What is needed: Restate the full listing word for word; images stay out of it.

** Data extract follows **

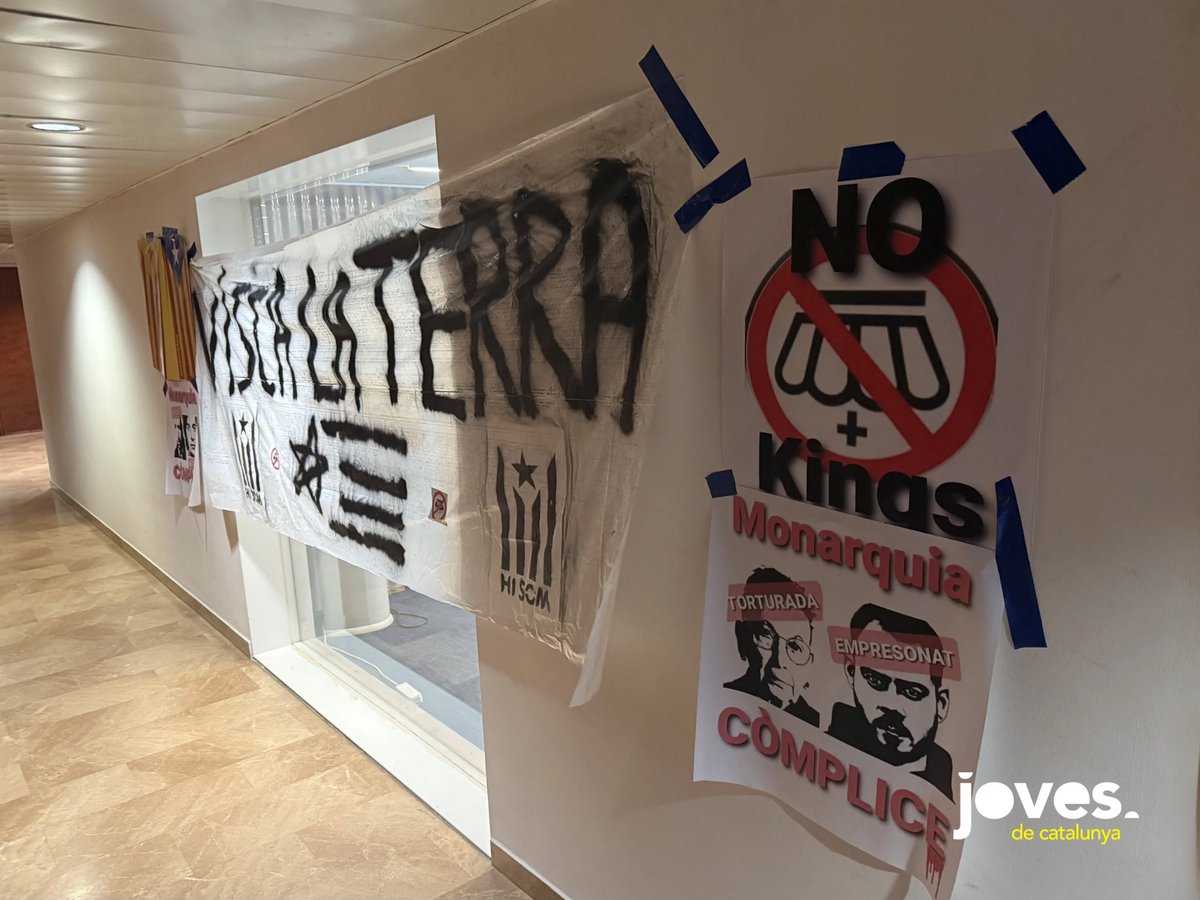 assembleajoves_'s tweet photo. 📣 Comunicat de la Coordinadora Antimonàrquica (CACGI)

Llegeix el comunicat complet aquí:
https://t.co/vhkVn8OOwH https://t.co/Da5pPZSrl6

** End of Data extract **

Answer:
 assembleajoves_'s tweet photo. 📣 Comunicat de la Coordinadora Antimonàrquica (CACGI)

Llegeix el comunicat complet aquí:
https://t.co/vhkVn8OOwH https://t.co/Da5pPZSrl6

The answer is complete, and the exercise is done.